_WHAT YOU HAVE TO DO_. Repeat what the lines below say, word for word, and skip every image.

_MATERIAL PROVIDED_.

################

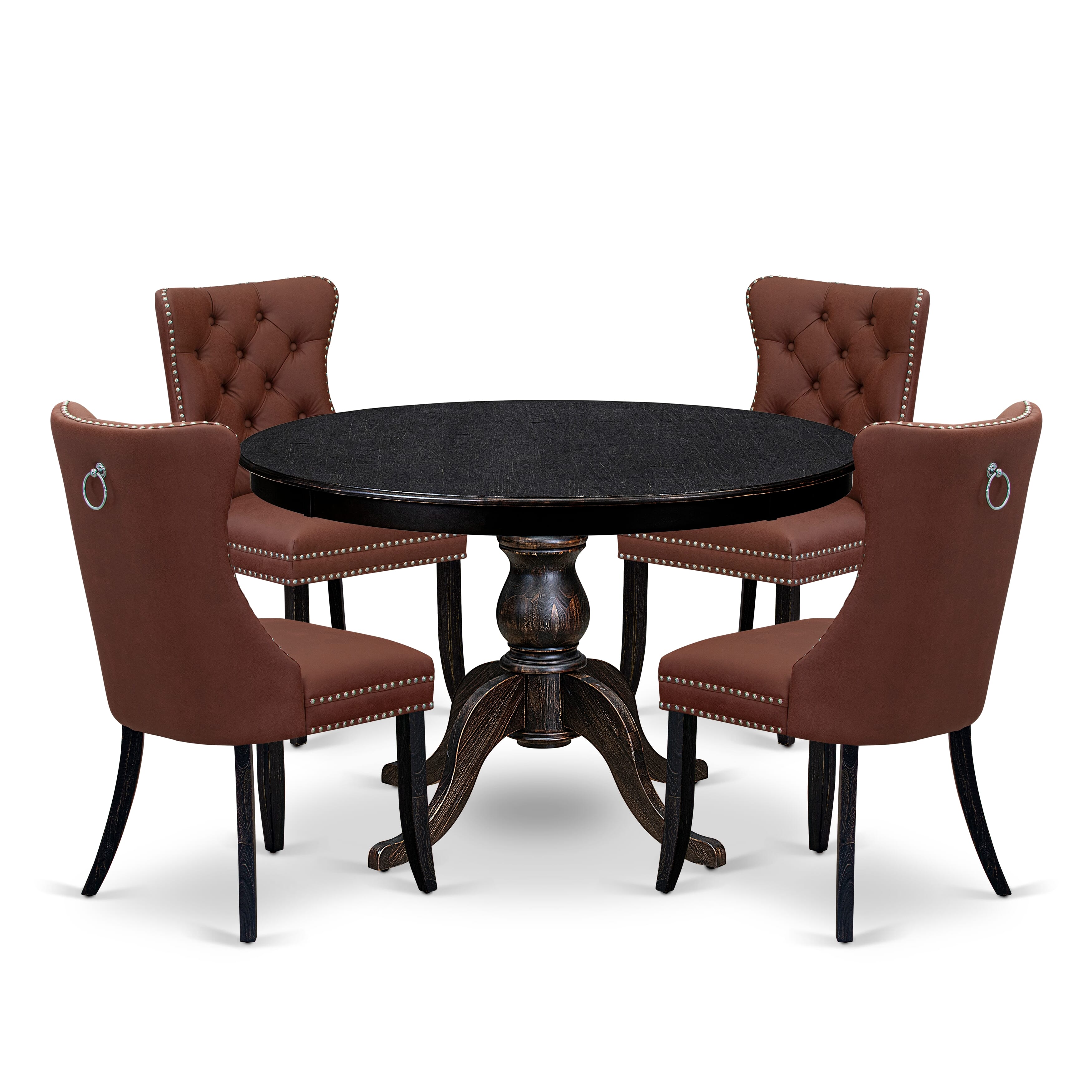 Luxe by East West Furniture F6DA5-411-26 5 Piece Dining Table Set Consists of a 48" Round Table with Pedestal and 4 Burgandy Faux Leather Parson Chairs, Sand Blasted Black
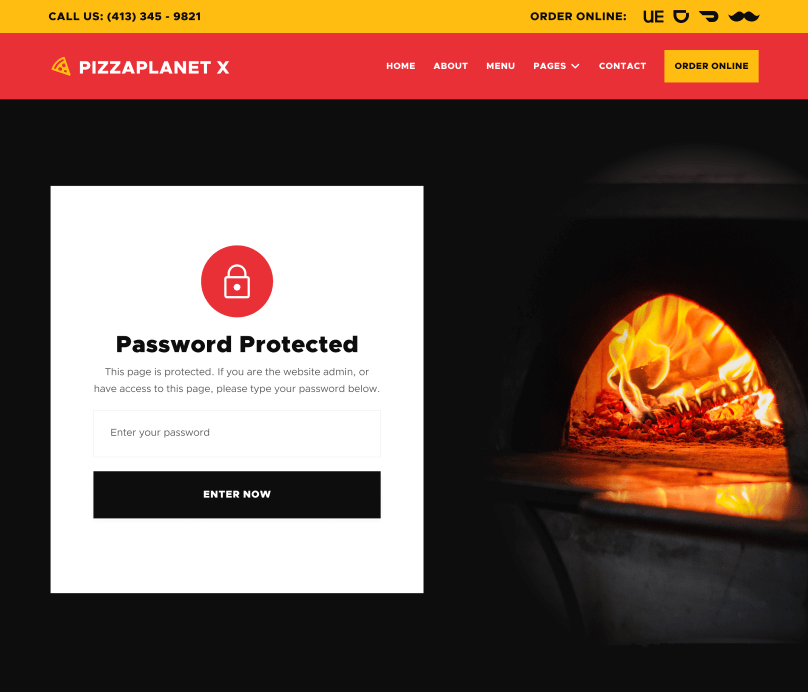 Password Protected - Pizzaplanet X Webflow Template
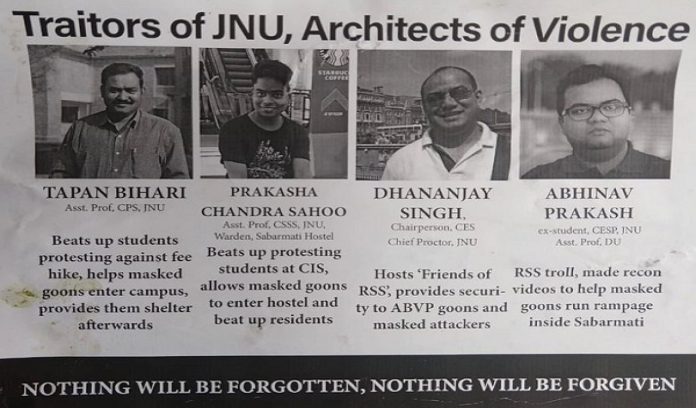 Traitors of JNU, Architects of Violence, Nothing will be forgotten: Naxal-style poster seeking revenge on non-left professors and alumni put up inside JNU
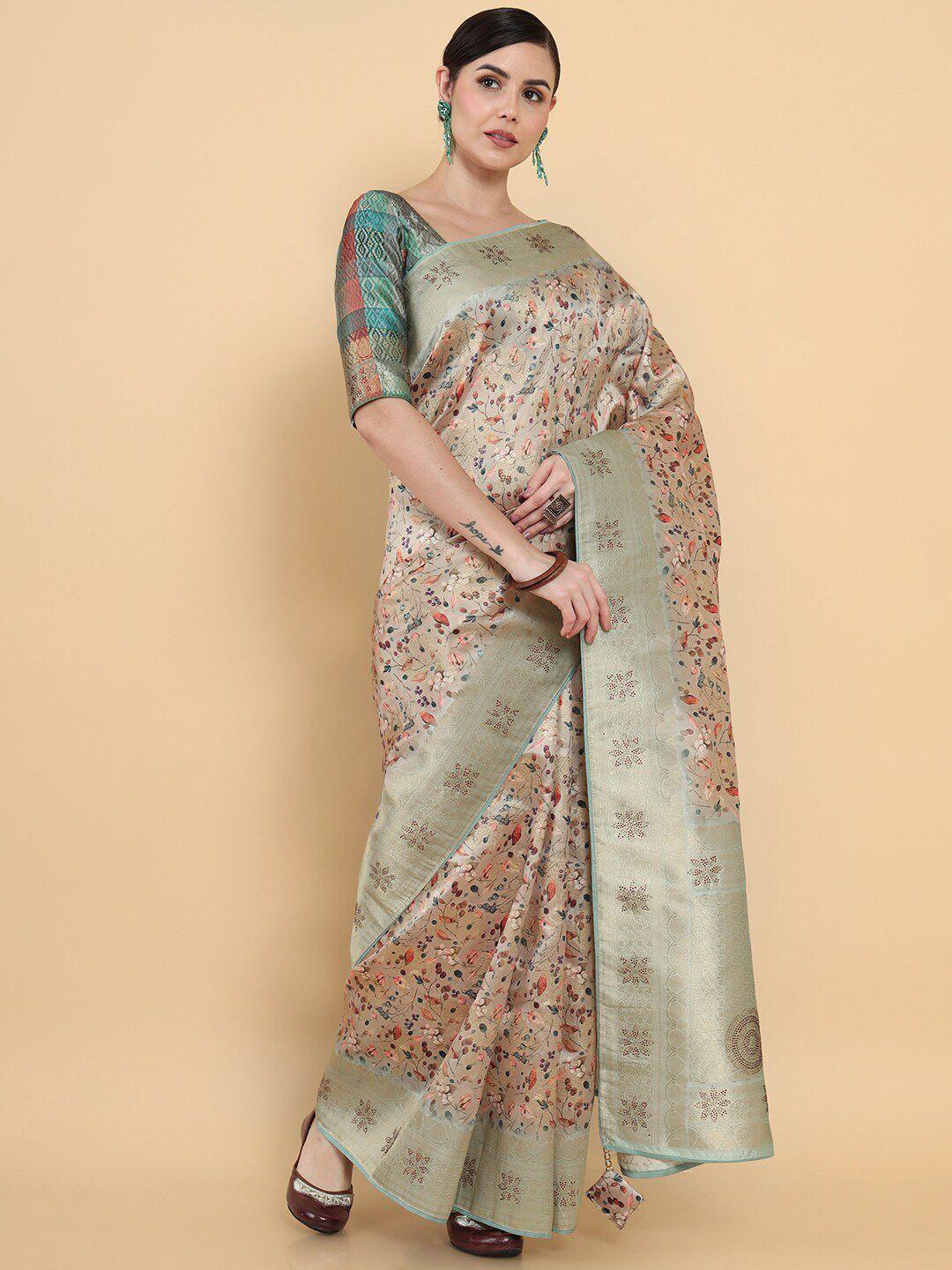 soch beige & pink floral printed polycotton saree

################

_SOLUTION FOR THIS EXERCISE_.
 Luxe by East West Furniture F6DA5-411-26 5 Piece Dining Table Set Consists of a 48" Round Table with Pedestal and 4 Burgandy Faux Leather Parson Chairs, Sand Blasted Black
 Password Protected - Pizzaplanet X Webflow Template
 Traitors of JNU, Architects of Violence, Nothing will be forgotten: Naxal-style poster seeking revenge on non-left professors and alumni put up inside JNU
 soch beige & pink floral printed polycotton saree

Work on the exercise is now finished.